§ **Data extracted from a collection**
++++

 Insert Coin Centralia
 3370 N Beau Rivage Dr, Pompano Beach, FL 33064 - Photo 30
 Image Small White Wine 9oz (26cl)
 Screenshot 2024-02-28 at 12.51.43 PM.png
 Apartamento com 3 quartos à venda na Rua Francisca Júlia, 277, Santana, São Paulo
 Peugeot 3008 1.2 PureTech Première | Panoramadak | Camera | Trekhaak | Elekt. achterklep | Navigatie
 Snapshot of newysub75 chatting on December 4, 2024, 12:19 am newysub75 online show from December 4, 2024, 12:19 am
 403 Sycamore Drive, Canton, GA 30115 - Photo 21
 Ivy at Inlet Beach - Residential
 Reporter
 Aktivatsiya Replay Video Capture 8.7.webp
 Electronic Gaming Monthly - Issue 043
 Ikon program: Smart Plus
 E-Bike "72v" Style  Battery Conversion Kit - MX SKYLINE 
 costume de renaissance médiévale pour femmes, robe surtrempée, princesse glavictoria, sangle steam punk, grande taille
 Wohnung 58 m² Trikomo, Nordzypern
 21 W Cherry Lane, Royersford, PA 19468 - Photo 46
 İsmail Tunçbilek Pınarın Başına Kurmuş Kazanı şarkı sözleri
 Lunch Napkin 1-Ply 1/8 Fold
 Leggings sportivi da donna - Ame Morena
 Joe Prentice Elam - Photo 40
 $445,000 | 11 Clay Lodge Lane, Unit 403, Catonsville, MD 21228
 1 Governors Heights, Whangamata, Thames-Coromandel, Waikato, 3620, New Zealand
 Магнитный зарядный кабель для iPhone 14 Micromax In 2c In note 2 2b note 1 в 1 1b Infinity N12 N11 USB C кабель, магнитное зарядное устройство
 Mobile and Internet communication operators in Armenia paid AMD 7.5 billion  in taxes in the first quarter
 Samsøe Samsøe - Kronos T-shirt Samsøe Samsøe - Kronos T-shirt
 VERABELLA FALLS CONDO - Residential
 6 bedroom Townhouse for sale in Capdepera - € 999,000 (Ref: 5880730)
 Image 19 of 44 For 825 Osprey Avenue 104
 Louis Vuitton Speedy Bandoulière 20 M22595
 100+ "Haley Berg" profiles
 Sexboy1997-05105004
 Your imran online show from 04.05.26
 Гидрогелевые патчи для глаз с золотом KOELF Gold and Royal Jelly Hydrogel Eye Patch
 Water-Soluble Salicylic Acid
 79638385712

++++

§ **TASK OBJECTIVE**
Restate exactly the lines running from the line with "6 bedroom Townhouse" to the end of the entries above, both ends included.

§ **RESPONSE BOX**
 6 bedroom Townhouse for sale in Capdepera - € 999,000 (Ref: 5880730)
 Image 19 of 44 For 825 Osprey Avenue 104
 Louis Vuitton Speedy Bandoulière 20 M22595
 100+ "Haley Berg" profiles
 Sexboy1997-05105004
 Your imran online show from 04.05.26
 Гидрогелевые патчи для глаз с золотом KOELF Gold and Royal Jelly Hydrogel Eye Patch
 Water-Soluble Salicylic Acid
 79638385712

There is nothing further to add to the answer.